3 tablespoons salted butter
1 small yellow onion, diced
1 red bell pepper, diced
6 cups raw corn kernels scraped from 4-6 ears of fresh corn
1 tablespoons brandy
1 teaspoon Steen’s cane syrup
2 teaspoons fresh thyme
1/2 teaspoon garlic powder
1 teaspoon kosher salt
1/2 teaspoon black pepper
1/4 teaspoon cayenne pepper
1/2 cup chicken stock
1/2 cup heavy cream
1 teaspoon chopped parsley

  1. Heat the butter over medium-high heat in a wide-bottomed pan. 
  2. Add the onion and bell pepper and sweat down until the onions are translucent. Add the corn.  
  3. Deglaze the pan with the brandy (see blue notes). The brandy will ignite so take caution. 
  4. Add the chicken stock, the cream, and the parsley and simmer until slightly thickened, about 8 minutes, stirring frequently.  
  5. Taste and adjust seasoning as needed. Keep warm. Conversely, this could be made a day in advance and gently reheated.

Pea shoot:

3 cloves garlic, minced
1 tablespoon minced fresh ginger
1 shallot, minced
2 tablespoons fruity olive oil
8 ounces pea shoots (pull any hard or woody pieces off the pea shoots, leaving only tender stems and shoots) – may substitute baby kale or baby spinach
1/4 teaspoon Kosher salt
1/8 teaspoon freshly ground black pepper
2 dashes Steen’s cane vinegar

  1. Heat oil in a wide bottomed pan on medium high heat.
  2. Add the garlic, ginger, and shallot to the pan. Leave undisturbed until they become aromatic, about 15 to 20 seconds.
  3. Add the pea shoots and stir until thoroughly combined.
  4. Season with salt and pepper. 
  5. Add the cane vinegar. 
  6. Pull the pea shoots from the heat as soon as they start to wilt. Reserve, warm, until ready to plate. 

Crawfish tails:

1 cup Louisiana crawfish tails
4 tablespoons cultured butter (see blue notes)
1/4 cup dry white wine (such as Sauvignon Blanc)
2 cloves garlic, minced
1/8 teaspoon cayenne
1/4 teaspoon kosher salt
1/8 teaspoon black pepper

Add all ingredients to a saucepot over medium-low heat. Ideally, use a thermometer and cook until the mixture reaches a temperature of 165ºF degrees. Take extreme care not to boil the mixture or the crawfish will be tough. Set aside and keep warm.

Seared fish:

4 6-ounce filets of flaky Gulf fish, such as redfish or black drum
Creole seasoning, such as Tony Chachere’s
4 tablespoons fruity olive oil
4 tablespoons cultured butter (see blue notes)

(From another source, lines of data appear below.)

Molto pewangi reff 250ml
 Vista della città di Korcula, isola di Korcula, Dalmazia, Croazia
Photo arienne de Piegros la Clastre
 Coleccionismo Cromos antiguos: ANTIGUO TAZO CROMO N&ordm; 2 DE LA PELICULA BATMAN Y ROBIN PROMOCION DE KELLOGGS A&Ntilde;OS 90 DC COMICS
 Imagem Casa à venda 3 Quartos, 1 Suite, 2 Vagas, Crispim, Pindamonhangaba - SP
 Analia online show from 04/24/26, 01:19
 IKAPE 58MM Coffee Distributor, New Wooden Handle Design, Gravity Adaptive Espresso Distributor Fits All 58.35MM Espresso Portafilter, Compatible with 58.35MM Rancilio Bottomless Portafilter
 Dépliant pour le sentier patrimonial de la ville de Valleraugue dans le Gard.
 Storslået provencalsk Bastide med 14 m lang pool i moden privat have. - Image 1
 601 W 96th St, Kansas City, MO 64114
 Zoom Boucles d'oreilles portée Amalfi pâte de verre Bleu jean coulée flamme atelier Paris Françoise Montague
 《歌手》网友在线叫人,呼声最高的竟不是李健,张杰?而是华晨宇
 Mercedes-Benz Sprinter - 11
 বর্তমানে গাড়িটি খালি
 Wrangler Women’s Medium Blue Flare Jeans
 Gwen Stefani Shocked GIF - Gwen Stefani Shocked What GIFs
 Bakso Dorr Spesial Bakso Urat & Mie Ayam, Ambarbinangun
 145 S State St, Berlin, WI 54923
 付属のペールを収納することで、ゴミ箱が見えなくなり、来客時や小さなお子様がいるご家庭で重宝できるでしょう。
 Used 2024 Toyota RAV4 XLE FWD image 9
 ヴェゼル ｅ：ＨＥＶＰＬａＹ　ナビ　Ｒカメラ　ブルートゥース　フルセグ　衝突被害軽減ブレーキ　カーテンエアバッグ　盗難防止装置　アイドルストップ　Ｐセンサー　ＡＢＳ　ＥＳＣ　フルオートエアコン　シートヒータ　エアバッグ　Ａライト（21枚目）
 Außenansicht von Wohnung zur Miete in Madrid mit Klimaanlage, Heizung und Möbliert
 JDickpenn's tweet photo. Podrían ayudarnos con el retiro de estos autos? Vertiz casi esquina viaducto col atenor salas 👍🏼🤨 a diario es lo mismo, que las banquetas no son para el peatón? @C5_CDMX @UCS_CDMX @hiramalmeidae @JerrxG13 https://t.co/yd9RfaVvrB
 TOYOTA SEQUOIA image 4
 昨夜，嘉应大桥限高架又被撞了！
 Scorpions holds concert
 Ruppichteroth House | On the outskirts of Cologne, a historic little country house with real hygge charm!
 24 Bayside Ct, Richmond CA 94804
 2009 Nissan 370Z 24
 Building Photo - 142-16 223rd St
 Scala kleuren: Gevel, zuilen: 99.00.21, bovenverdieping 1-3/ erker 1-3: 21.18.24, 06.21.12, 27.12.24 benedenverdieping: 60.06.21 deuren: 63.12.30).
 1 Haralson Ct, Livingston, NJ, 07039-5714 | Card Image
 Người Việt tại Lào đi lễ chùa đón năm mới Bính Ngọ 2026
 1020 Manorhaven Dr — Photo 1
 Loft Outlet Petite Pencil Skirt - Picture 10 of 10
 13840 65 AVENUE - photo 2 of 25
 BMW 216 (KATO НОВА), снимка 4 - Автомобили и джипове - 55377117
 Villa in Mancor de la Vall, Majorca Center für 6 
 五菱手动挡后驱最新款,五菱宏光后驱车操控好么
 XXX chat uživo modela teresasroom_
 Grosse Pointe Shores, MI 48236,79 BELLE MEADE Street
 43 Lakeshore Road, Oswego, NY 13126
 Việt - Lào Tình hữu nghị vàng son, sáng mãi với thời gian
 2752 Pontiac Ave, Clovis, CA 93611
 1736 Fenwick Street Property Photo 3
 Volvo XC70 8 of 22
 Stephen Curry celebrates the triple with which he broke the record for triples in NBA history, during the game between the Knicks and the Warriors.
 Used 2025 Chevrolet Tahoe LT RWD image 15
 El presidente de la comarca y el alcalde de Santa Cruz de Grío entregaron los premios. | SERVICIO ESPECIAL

  1. Dry the fish thoroughly with paper towels and season lightly on all side with Creole seasoning.
  2. Heat the olive oil in 12-inch heavy-bottomed skillet, preferably cast iron, over medium high heat.
  3. Add the fish fillets to the pan and cook, undisturbed, until the sides of the fillets begin to turn opaque, three to four minutes, depending on the thickness of the fillets. 
  4. Using a spatula, gently lift and flip each fillet.
  5. Immediately add the cultured butter. 
  6. Continue cooking the fish until it flakes easily with a fork, about one to four minutes more, depending on the thickness of the fillets. Remove from heat and plate at once.

To plate:  

  1. Divide the maque choux evenly at the centers of four warm plates.
  2. Divide the pea shoots in bundles atop the maque choux. 
  3. Divide the seared fish atop the greens.
  4. Using a slotted spoon, divide the crawfish tails atop the fish.
  5. Top each piece of fish with a dollop of the sambal.